- Church: Anglican Church of Australia
- Diocese: Melbourne

Orders
- Ordination: 1966 by Frank Woods

Personal details
- Born: Peter James Corney 25 September 1937 (age 88) Perth, Western Australia, Australia
- Denomination: Anglicanism
- Spouse: Merrill Corney
- Children: 3
- Education: Guildford Grammar School
- Alma mater: Ridley College Australian College of Theology Melbourne College of Divinity

= Peter Corney (pastor) =

Australian Anglican pastor (born 1942)

Peter James Corney (born 25 September 1937) is an Australian retired Anglican theologian and pastor who was the vicar of St Hilary's Anglican Church in Kew from 1975 to 1999.

Corney was born in Perth, Western Australia, in 1937. He studied at Guildford Grammar School, matriculating in 1959. From 1960 to 1963, he studied at Ridley College in Melbourne. He later went on to study for a graduate degree in theology with the Australian College of Theology and the Melbourne College of Divinity.

During this time, Corney worked for the Anglican Diocese of Melbourne as an assistant curate and later youth chaplain from 1966 to 1973. In the late 1960s and early 1970s, Corney pioneered a new youth ministry program which saw him work in contemporary Christian worship in counter-cultural forms. This was all innovated at the Royal Melbourne Institute of Technology (RMIT) and at Ridley College.

In 1974, the Anglican parish of St Hilary's in Kew invited him to become their sixth vicar.

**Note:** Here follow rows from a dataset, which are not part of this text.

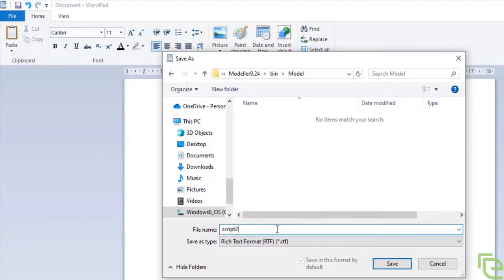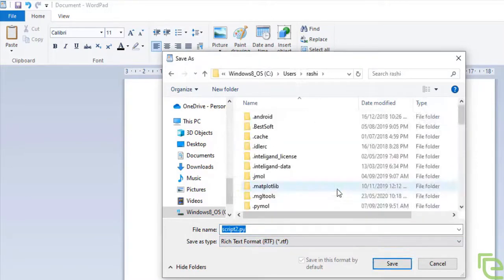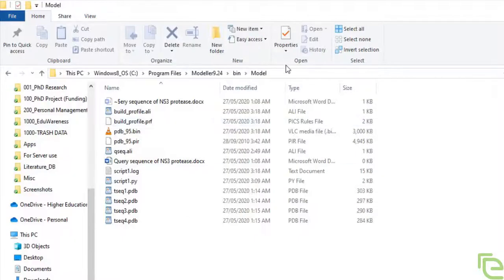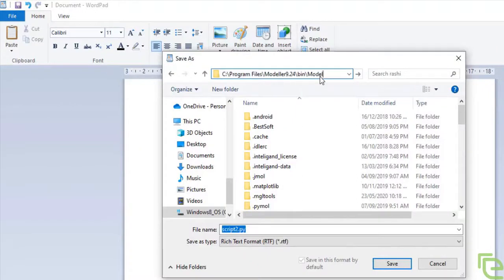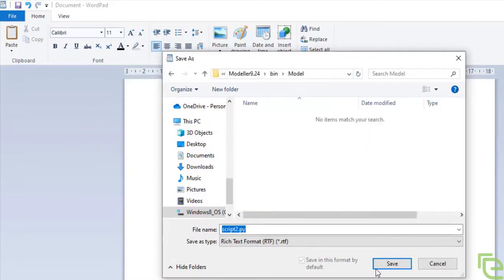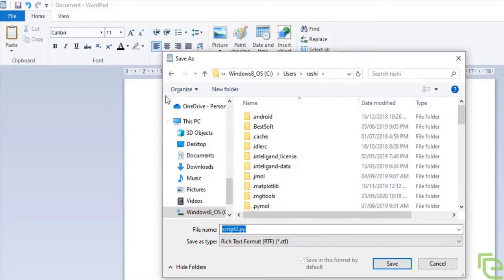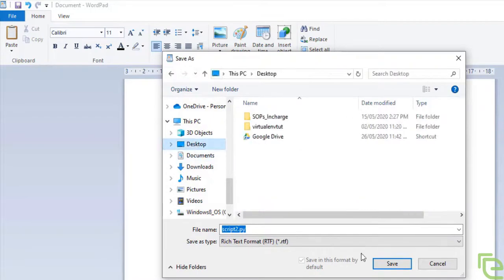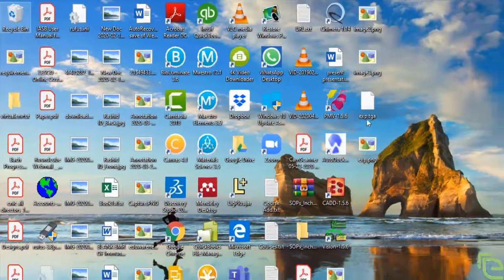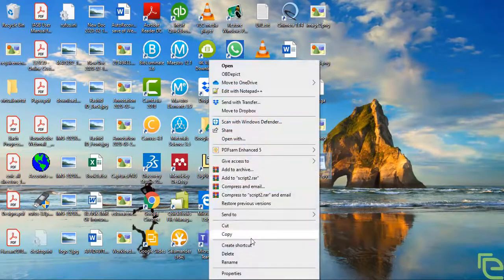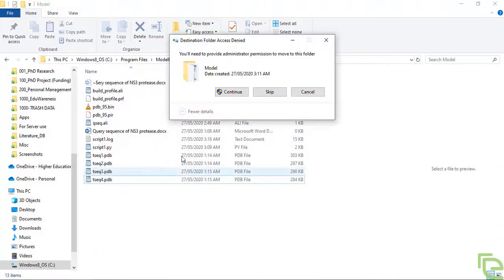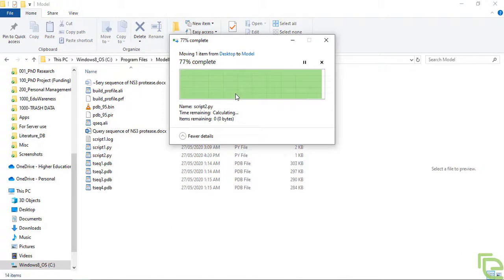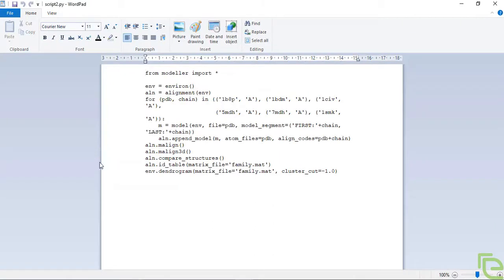It's giving me an error due to administrative privileges. We will save it in desktop and then copy it. Script 2 has been pasted here.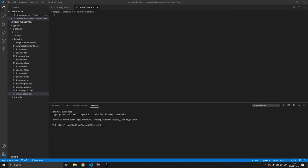Hello, today we're going to create tic-tac-toe using C. You can use any compiler — I'm using Visual Studio Code, it's free. You can use something like Sublime Text, Atom, whatever the case may be.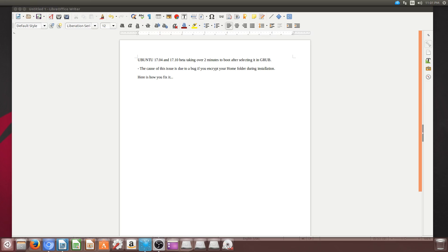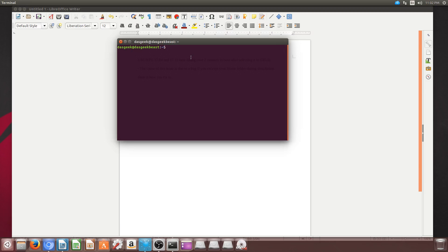Welcome to Das Geek. I want to give you this quick fix. If you have Ubuntu 17.04 and 17.10 and you've encrypted your home folder, you're going to have a really long boot cycle.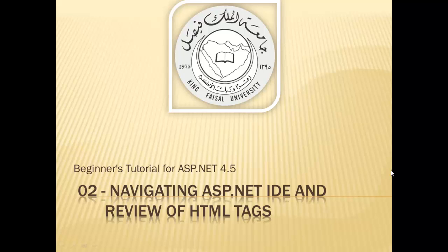Assalamu alaikum. Welcome to this video tutorial on ASP.NET 4.5 for students of King Faisal University and for others who want to learn ASP.NET. This is part 2 in this series entitled Navigating ASP.NET IDE and Review of HTML Tags.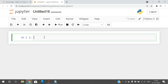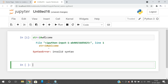Let me show an example using Python. If I want to initialize an alphanumeric string to a variable — for example '10welcome' — the string should be enclosed in double quotations. If I fail to provide the double quotations and execute, we will get a syntax error.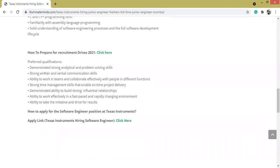Preferred qualifications are: apart from minimum qualifications, if you have these you will be preferred. Demonstrated strong analytical and problem-solving skills, strong written and verbal communication, time management, ability to build strong influential relationships, and ability to take the initiatives.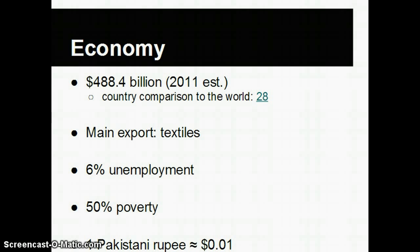Finally, we'll finish with the economy. Their gross domestic product in 2011 was approximately 488 billion dollars, which ranks them 28th in the world for largest GDP. Their main export is textiles. Only about 6% of their population is unemployed, but about 50% of the population lives in poverty.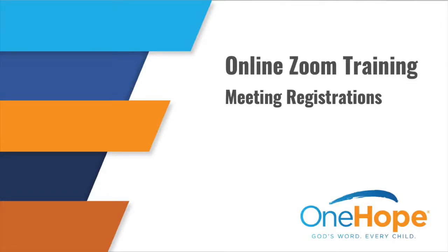Hi and welcome to this Zoom training video. Today we want to talk about how you can enable registrations before participants join a Zoom training. So let's go ahead and get started.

He commenced in this ministry position in early 1975; a position he held until the end of 1999. During Corney's 24 years at St Hilary's, he spearheaded new ways of ministry that were relatively modern. This came in the form of a more contemporary evangelical outreach, with social justice and a large youth and young adults program. Within a decade of being vicar, he had turned around an ailing local parish, to later become the largest Anglican congregation in the Melbourne diocese with over 1,000 parishioners every Sunday at worship. Corney stepped down from the position of vicar in 1999. He would continue much of his intellectual and social justice work.

Outside of St Hilary's, Corney researched and lectured at his former alma mater, Ridley College as well as authoring many books and other Christian commentaries on issues occurring throughout the world.

==Honours==
For the 2007 Australia Day Honours, Corney was conferred the Medal of the Order of Australia (OAM) "For service to the Anglican Church of Australia, particularly through the development of creative programs to meet contemporary community needs".

In recognition of Corney's ministry at St Hilary's, the parish named one of their buildings the Peter Corney Training Centre after him and also honoured him with the honorific title of Vicar Emeritus for the remainder of his life.